You class can use package protection and still implement an interface:
class Foo implements Runnable
{
public void run()
{
}
}
If you want some methods to be protected / package and others not, it sounds like your classes have more than one responsibility, and should be split into multiple.
Edit after reading comments to this and other responses:
If your are somehow thinking that the visibility of a method affects the ability to invoke that method, think again. Without going to extremes, you cannot prevent someone from using reflection to identify your class' methods and invoke them. However, this is a non-issue: unless someone is trying to crack your code, they're not going to invoke random methods.
Instead, think of private / protected methods as defining a contract for subclasses, and use interfaces to define the contract with the outside world.
Oh, and to the person who decided my example should use K&R bracing: if it's specified in the Terms of Service, sure. Otherwise, can't you find anything better to do with your time?
When I have butted up against this I use a package accessible inner or nested class to implement the interface, pushing the implemented method out of the public class.
Usually it's because I have a class with a specific public API which must implement something else to get it's job done (quite often because the something else was a callback disguised as an interface <grin>) - this happens a lot with things like Comparable. I don't want the public API polluted with the (forced public) interface implementation.
Hope this helps.
Also, if you truly want the methods accessed only by the package, you don't want the protected scope specifier, you want the default (omitted) scope specifier. Using protected will, of course, allow subclasses to see the methods.
BTW, I think that the reason interface methods are inferred to be public is because it is very much the exception to have an interface which is only implemented by classes in the same package; they are very much most often invoked by something in another package, which means they need to be public.
This question is based on a wrong statement:
I know that an interface must be public
Not really, you can have interfaces with default access modifier.
The problem is I can't make the interface or the implemented methods protected
Here it is:
C:\oreyes\cosas\java\interfaces>type a\*.java
a\Inter.java
package a;
interface Inter {
public void face();
}
a\Face.java
package a;
class Face implements Inter {
public void face() {
System.out.println( "face" );
}
}
C:\oreyes\cosas\java\interfaces>type b\*.java
b\Test.java
package b;
import a.Inter;
import a.Face;
public class Test {
public static void main( String [] args ) {
Inter inter = new Face();
inter.face();
}
}
C:\oreyes\cosas\java\interfaces>javac -d . a\*.java b\Test.java
b\Test.java:2: a.Inter is not public in a; cannot be accessed from outside package
import a.Inter;
^
b\Test.java:3: a.Face is not public in a; cannot be accessed from outside package
import a.Face;
^
b\Test.java:7: cannot find symbol
symbol : class Inter
location: class b.Test
Inter inter = new Face();
^
b\Test.java:7: cannot find symbol
symbol : class Face
location: class b.Test
Inter inter = new Face();
^
4 errors
C:\oreyes\cosas\java\interfaces>
Hence, achieving what you wanted, prevent interface and class usage outside of the package.

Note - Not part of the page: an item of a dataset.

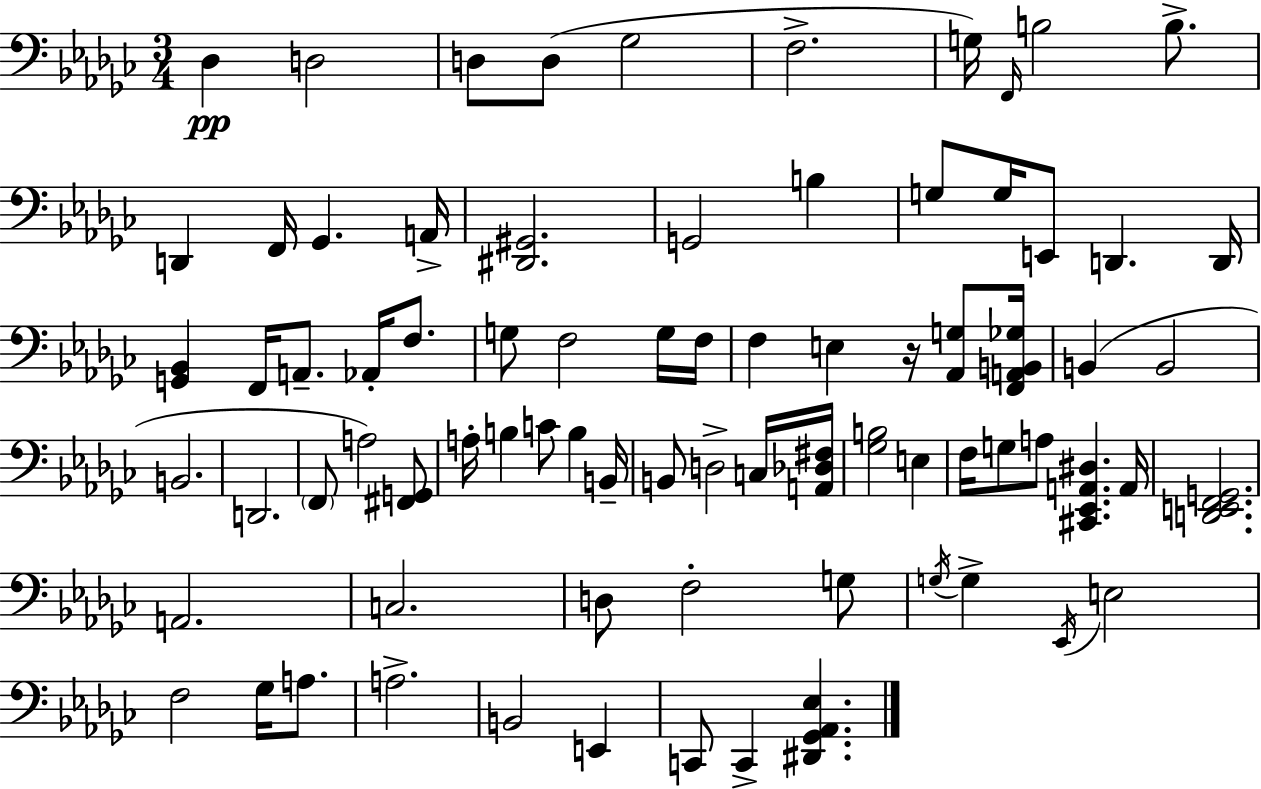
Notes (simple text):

Db3/q D3/h D3/e D3/e Gb3/h F3/h. G3/s F2/s B3/h B3/e. D2/q F2/s Gb2/q. A2/s [D#2,G#2]/h. G2/h B3/q G3/e G3/s E2/e D2/q. D2/s [G2,Bb2]/q F2/s A2/e. Ab2/s F3/e. G3/e F3/h G3/s F3/s F3/q E3/q R/s [Ab2,G3]/e [F2,A2,B2,Gb3]/s B2/q B2/h B2/h. D2/h. F2/e A3/h [F#2,G2]/e A3/s B3/q C4/e B3/q B2/s B2/e D3/h C3/s [A2,Db3,F#3]/s [Gb3,B3]/h E3/q F3/s G3/e A3/e [C#2,Eb2,A2,D#3]/q. A2/s [D2,E2,F2,G2]/h. A2/h. C3/h. D3/e F3/h G3/e G3/s G3/q Eb2/s E3/h F3/h Gb3/s A3/e. A3/h. B2/h E2/q C2/e C2/q [D#2,Gb2,Ab2,Eb3]/q. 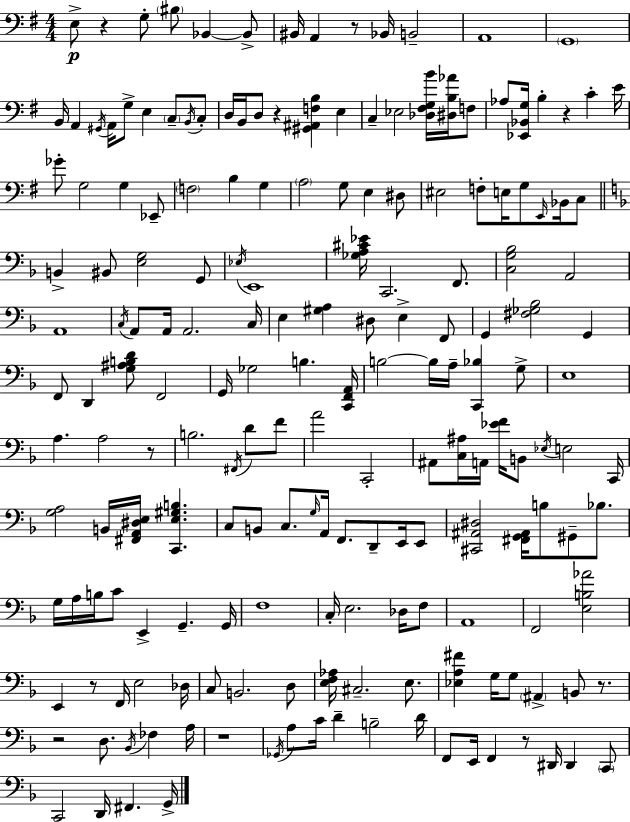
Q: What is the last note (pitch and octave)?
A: G2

Here's how it could be done using abstract classes.
The only inconvenient is that it makes you "subclass".
As per the java guide, you should follow that advice "most" of the times, but I think in this situation it will be ok.
public abstract class Ab {
protected abstract void method();
abstract void otherMethod();
public static void main( String [] args ) {
Ab a = new AbImpl();
a.method();
a.otherMethod();
}
}
class AbImpl extends Ab {
protected void method(){
System.out.println( "method invoked from: " + this.getClass().getName() );
}
void otherMethod(){
System.out.println("This time \"default\" access from: " + this.getClass().getName() );
}
}
Here's another solution, inspired by the C++ Pimpl idiom.
If you want to implement an interface, but don't want that implementation to be public, you can create a composed object of an anonymous inner class that implements the interface.
Here's an example. Let's say you have this interface:
public interface Iface {
public void doSomething();
}
You create an object of the Iface type, and put your implementation in there:
public class IfaceUser {
private int someValue;
// Here's our implementor
private Iface impl = new Iface() {
public void doSomething() {
someValue++;
}
};
}
Whenever you need to invoke doSomething(), you invoke it on your composed impl object.
I just came across this trying to build a protected method with the intention of it only being used in a test case. I wanted to delete test data that I had stuffed into a DB table. In any case I was inspired by #Karl Giesing's post. Unfortunately it did not work. I did figure a way to make it work using a protected inner class.
The interface:
package foo;
interface SomeProtectedFoo {
int doSomeFoo();
}
Then the inner class defined as protected in public class:
package foo;
public class MyFoo implements SomePublicFoo {
// public stuff
protected class ProtectedFoo implements SomeProtectedFoo {
public int doSomeFoo() { ... }
}
protected ProtectedFoo pFoo;
protected ProtectedFoo gimmeFoo() {
return new ProtectedFoo();
}
}
You can then access the protected method only from other classes in the same package, as my test code was as show:
package foo;
public class FooTest {
MyFoo myFoo = new MyFoo();
void doProtectedFoo() {
myFoo.pFoo = myFoo.gimmeFoo();
myFoo.pFoo.doSomeFoo();
}
}
A little late for the original poster, but hey, I just found it. :D
You can go with encapsulation instead of inheritance.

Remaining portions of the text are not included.